==== Material to process
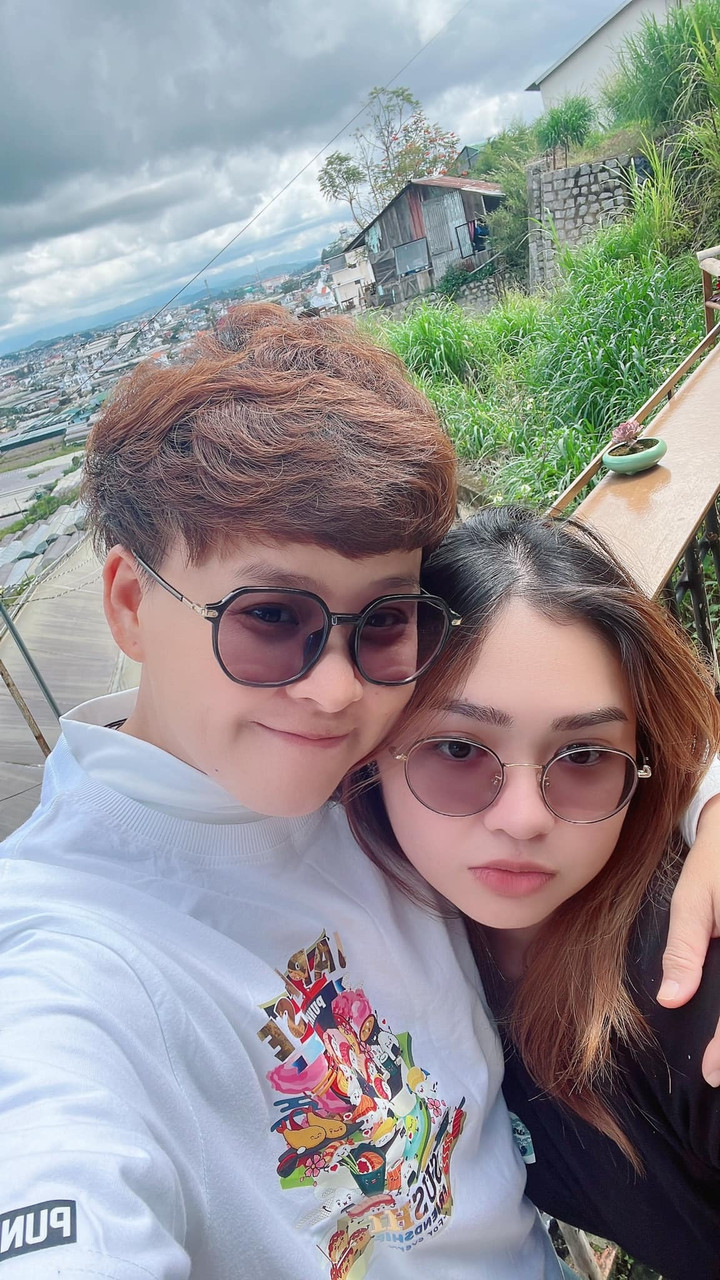 Sao Việt 13/1: Lệ Quyên diện áo xuyên thấu, Thiện Nhân tình tứ bên người yêu - 1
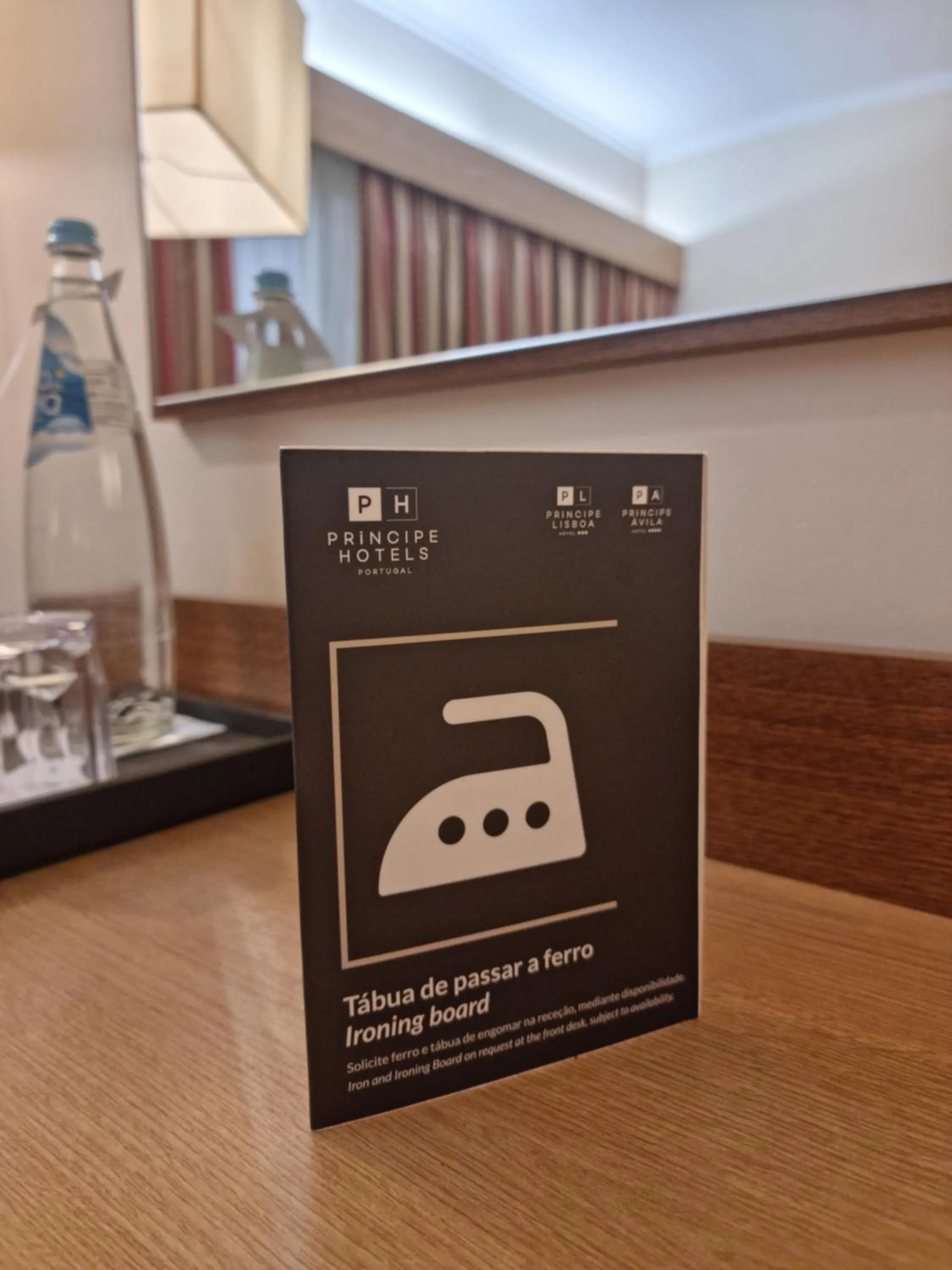 furniture in Hotel Principe Lisboa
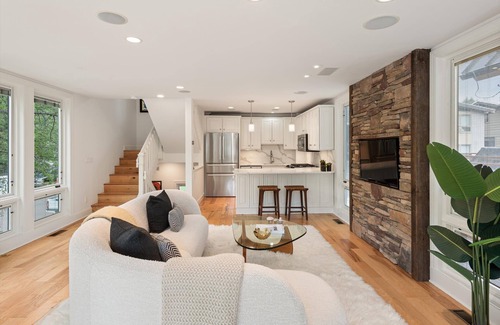 West End Casa | Adorable Yellow Single Family Home in Aspen's West End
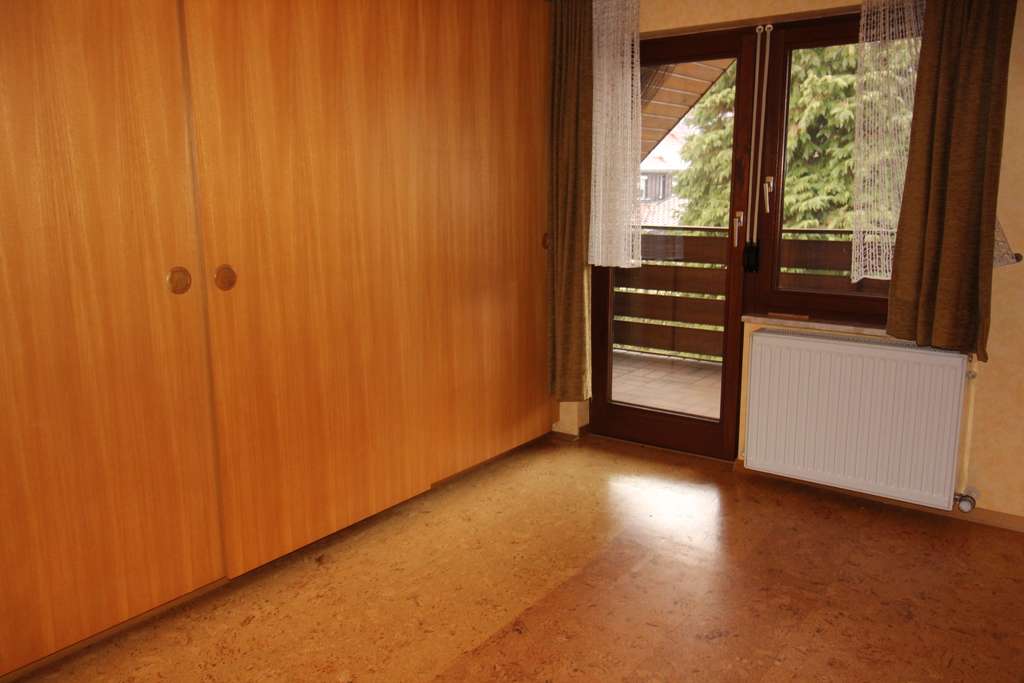 Immobilie in Murrhardt - Einfamilienhaus, DHH in zentraler Wohnlage - Bild 3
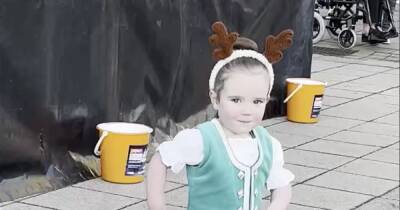 Adorable mini Highland dancer jigs to Jingle Bells in heart-warming Christmas clip - www.dailyrecord.co.uk - Scotland - county Bell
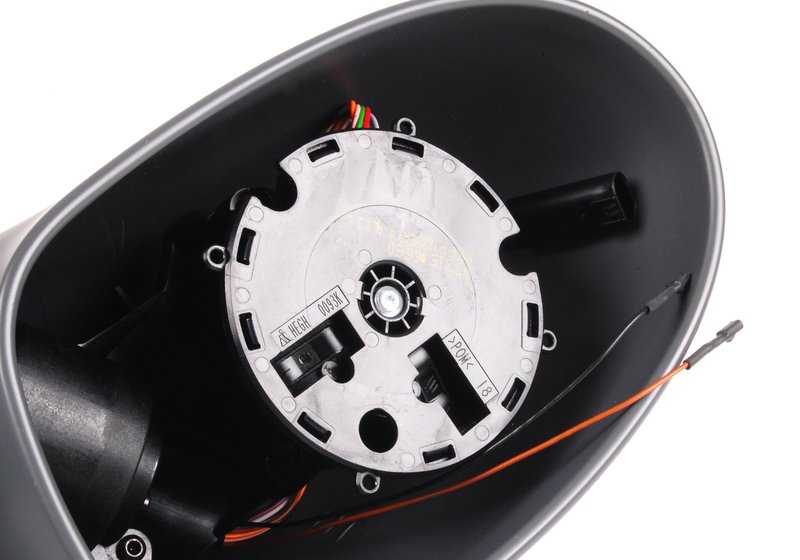 Espejo exterior derecho con calefacción imprimado OEM 51162694892 para BMW Serie 5 E39 (10/1997–06/2003), incluido M5. Original BMW.
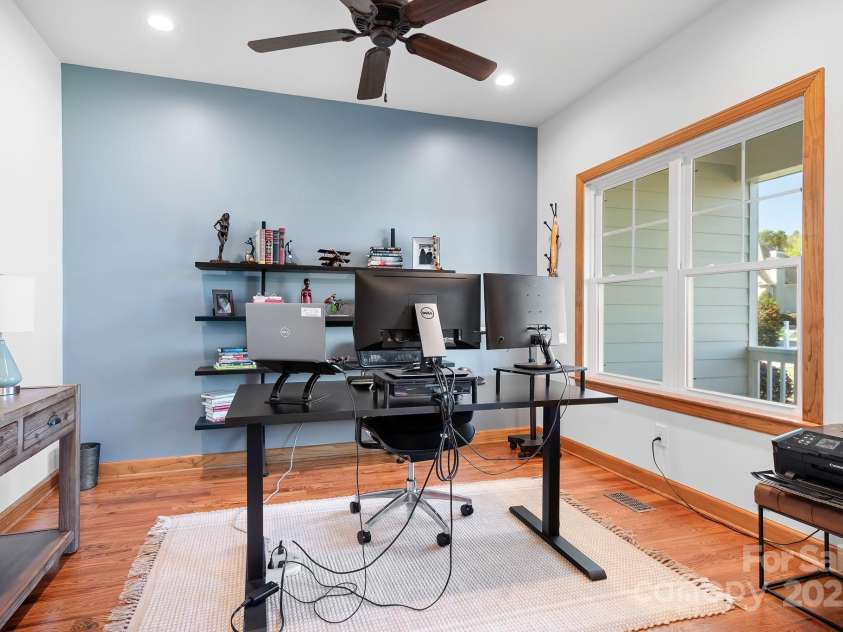 127 Castle Drive, Mooresville, NC 28117.  MLS# CAR4240273, YatesRealty ID 3810. Office on Main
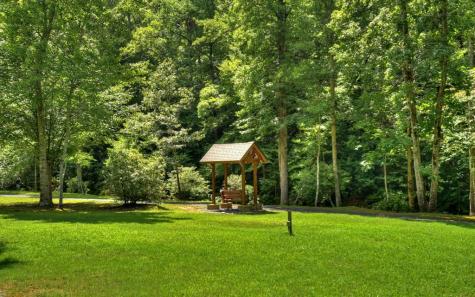 136 Whispering Ridge Court Ellijay GA 30540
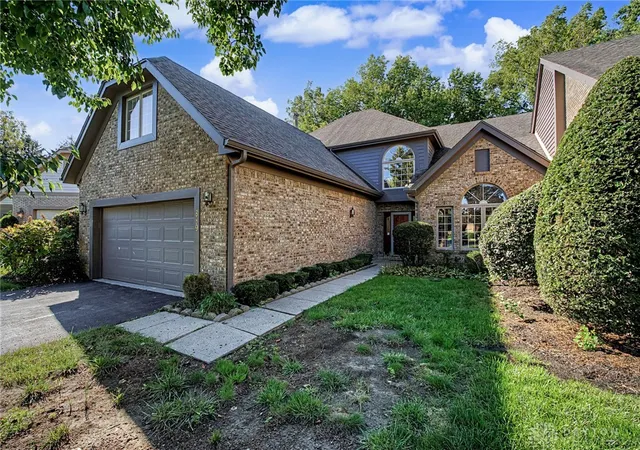 Photo 1 of Single family home for sale at 889 Timberlake Ct, Dayton, OH 45429 | MLS# 969084 | Listing updated on 2026-09-24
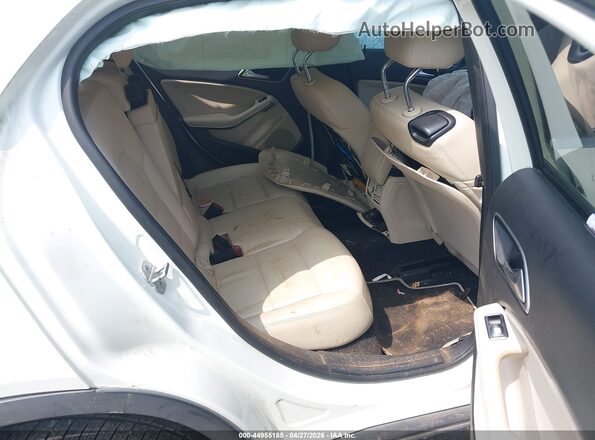 WDCTG4EB8GJ204697 2016 MERCEDES-BENZ GLA 250 White Vista de la etiqueta del VIN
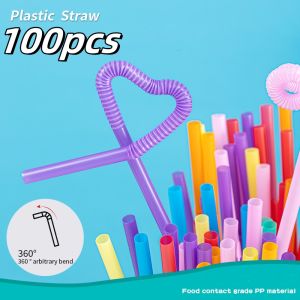 หลอดพลาสติกหลากสี100ชิ้นสำหรับห้องครัวเครื่องดื่มหลอดดื่มน้ำใช้แล้วทิ้งอุปกรณ์งานปาร์ตี้งานแต่งค็อกเทล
========
→ What is being asked: Output the line that contains "127 Castle Drive, Mooresville, NC" and every subsequent line through the end of the entries, exactly as given, without pictures.

→ Response to this task:
 127 Castle Drive, Mooresville, NC 28117.  MLS# CAR4240273, YatesRealty ID 3810. Office on Main
 136 Whispering Ridge Court Ellijay GA 30540
 Photo 1 of Single family home for sale at 889 Timberlake Ct, Dayton, OH 45429 | MLS# 969084 | Listing updated on 2026-09-24
 WDCTG4EB8GJ204697 2016 MERCEDES-BENZ GLA 250 White Vista de la etiqueta del VIN
 หลอดพลาสติกหลากสี100ชิ้นสำหรับห้องครัวเครื่องดื่มหลอดดื่มน้ำใช้แล้วทิ้งอุปกรณ์งานปาร์ตี้งานแต่งค็อกเทล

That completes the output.